NOTE Loop over levels
LOOP b32 1 b31
  NOTE Reserve two free output columns
  LINK 2 G7
  NOTE Look up ID for current level
  PICK b32 G6[3] b33
  NOTE Look up column name for current ID
  COLN cb33 s1
  NOTE Sort response and current level ID into temporary columns
  SORT 1 cb33 cb30 G6[1] G6[2]

  NOTE Store unique IDs into first output column
  SJOIN s1 "_unique" s2
  NAME G7[1] s2
  UNIQ G6[1] G7[1]

  NOTE Store mean response within each ID into second output column
  SJOIN s1 "_proportion" s3
  NAME G7[2] s3
  TABStore G7[2] G6[2] G6[1]

  NOTE unreference output columns
  LINK 0 G7
ENDLoop
NOTE erase temporary columns
ERAS G6
NOTE unreference temporary columns
LINK 0 G6

To test this you could try running the model with a response generated from random binomial draws and see whether the model becomes more stable.

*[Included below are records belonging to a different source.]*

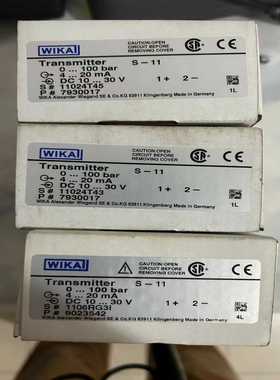 【星慕电子】Wika传感器 型号:S-11 0-100bar 平模  需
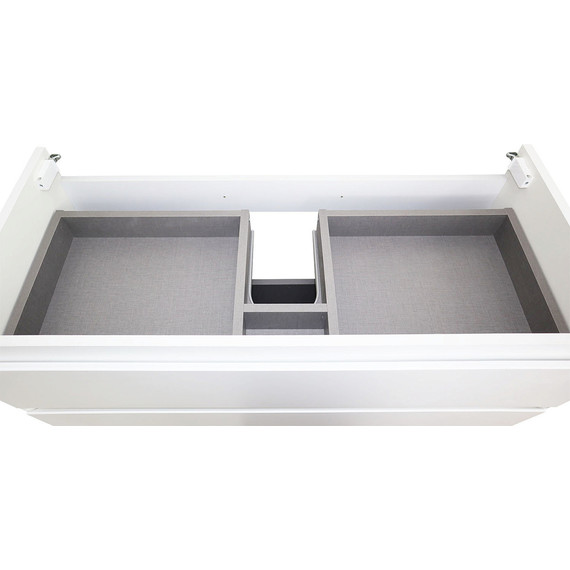 Тумба подвесная с раковиной Azario Velluto 100 см CS00088604, белый матотвый - 8 Тумба подвесная с раковиной Azario Velluto 100 см CS00088604, белый матотвый фото 8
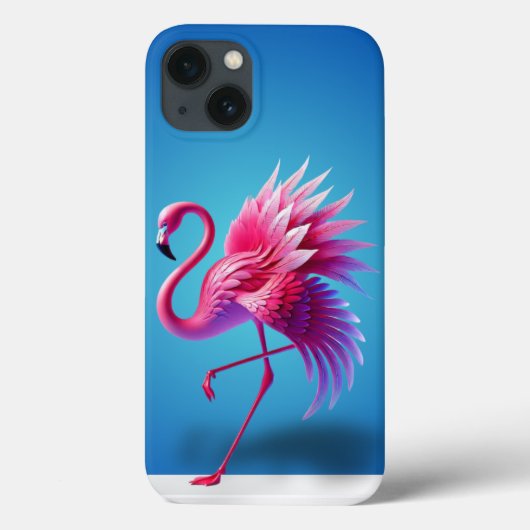 Flamingo Tropical Phone Case (Rückseite)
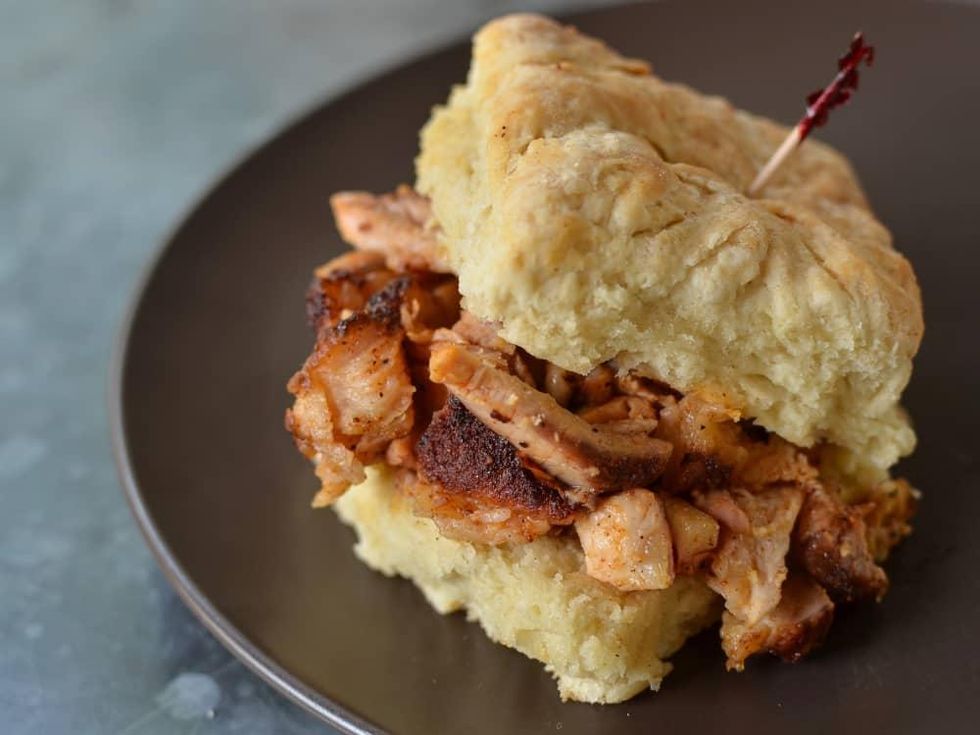 Revival Market pulled pork biscuit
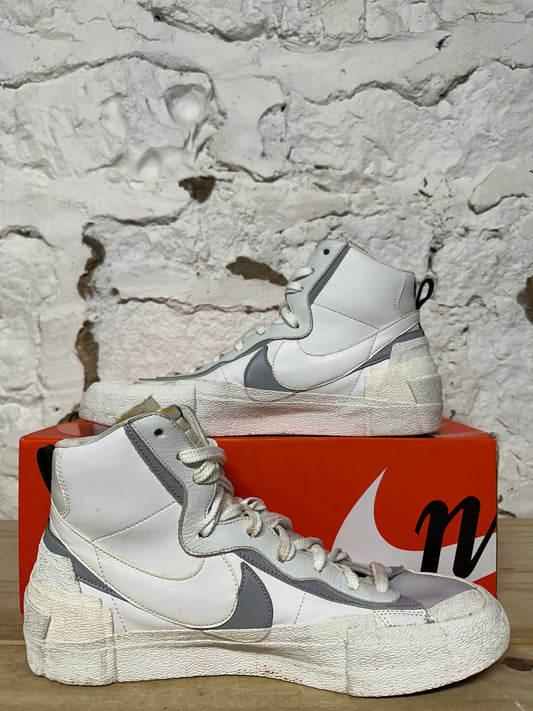 Nike Sacai Blazer White Grey Sz 14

The real problem appears to be the 22,916 exhibitions when there are only 39,599 events within them. Looking at the distribution across the 22,916 exhibitions we see that 22076 are all 0 whilst 819 are all 1 and only 21 exhibit any variation therefore it is not feasible to fit the exhibition level within the model and it doesn't seem very likely that this level follows a normal distribution. If one fits the simpler cross-classified model with artists crossed with spaces then you will see that the chains converge although mixing is still poor largely due to the large clustering variability observed at both of these levels. Hope this helps.